Perdidos en la Marina Alta, nos sentamos en una terraza. Hace un viento frío que nos obliga a sustituir la copa helada por un café que nos caliente el cuerpo. Al tiempo que removemos el azúcar, se nos acerca un tipo que barre el suelo. Se queda de pie a nuestro lado, apoyado en la escoba.
Dice: «Yo es que antes era trompetista, ¿sabe usted?». Mueve los dedos sobre el palo de la escoba. Dice: «Iba de pequeño a que un señor me enseñara a tocar, pero yo me aburría y me ponía a asar mosquitos en las paredes». Dice: «Aprendí por mi cuenta y acabé en una orquesta muy buena, muy buena, y nos hacíamos la costa mediterránea: Cadaqués, Tossa de Mar, Denia, Finestrat...». Enumera pueblos mirando hacia arriba cuando, en realidad, mira hacia atrás. Dice: «Ahora ya no puedo tocar porque tengo la boca fatal». La abre y enseña cuatro dientes bailándole en las encías. Dice: «Beber no bebía porque con el whisky tienes que mear, pero con los porros no».

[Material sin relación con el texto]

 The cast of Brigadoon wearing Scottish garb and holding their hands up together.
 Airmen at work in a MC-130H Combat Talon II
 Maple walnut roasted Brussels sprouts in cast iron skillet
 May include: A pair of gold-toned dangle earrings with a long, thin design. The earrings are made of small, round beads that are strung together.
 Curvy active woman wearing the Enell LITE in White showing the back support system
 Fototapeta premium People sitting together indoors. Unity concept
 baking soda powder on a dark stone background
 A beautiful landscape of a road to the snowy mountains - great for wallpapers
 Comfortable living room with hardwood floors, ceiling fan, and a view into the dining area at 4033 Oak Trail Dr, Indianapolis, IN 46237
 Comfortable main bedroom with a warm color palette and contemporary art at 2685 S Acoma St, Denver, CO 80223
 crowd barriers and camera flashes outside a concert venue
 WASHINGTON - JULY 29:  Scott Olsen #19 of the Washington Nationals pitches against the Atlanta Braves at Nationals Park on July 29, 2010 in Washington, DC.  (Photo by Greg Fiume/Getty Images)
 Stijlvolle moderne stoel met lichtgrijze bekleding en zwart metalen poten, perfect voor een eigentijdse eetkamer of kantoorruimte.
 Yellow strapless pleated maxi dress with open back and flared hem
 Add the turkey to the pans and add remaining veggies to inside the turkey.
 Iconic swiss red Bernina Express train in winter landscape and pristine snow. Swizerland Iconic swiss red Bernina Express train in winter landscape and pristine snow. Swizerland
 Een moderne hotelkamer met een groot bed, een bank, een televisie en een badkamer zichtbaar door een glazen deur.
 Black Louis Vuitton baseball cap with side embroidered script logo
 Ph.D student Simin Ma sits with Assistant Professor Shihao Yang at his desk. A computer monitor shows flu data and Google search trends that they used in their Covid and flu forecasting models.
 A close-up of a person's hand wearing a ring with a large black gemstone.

Dice: «¿De dónde son?». Dice «¡Ah!, sí, esa zona la conozco. Muy bonita, también». De repente, como fulminado por un rayo, se calla. Cierra los ojos. Los abre. Vuelve en sí. Dice: «Bueno, pues sigo con lo mío, que todavía me queda. Hasta más ver». Continúa barriendo calle abajo, acariciando la escoba como si fuera una trompeta. El café se ha quedado frío, y a mí me han entrado ganas de escuchar a Chet Baker.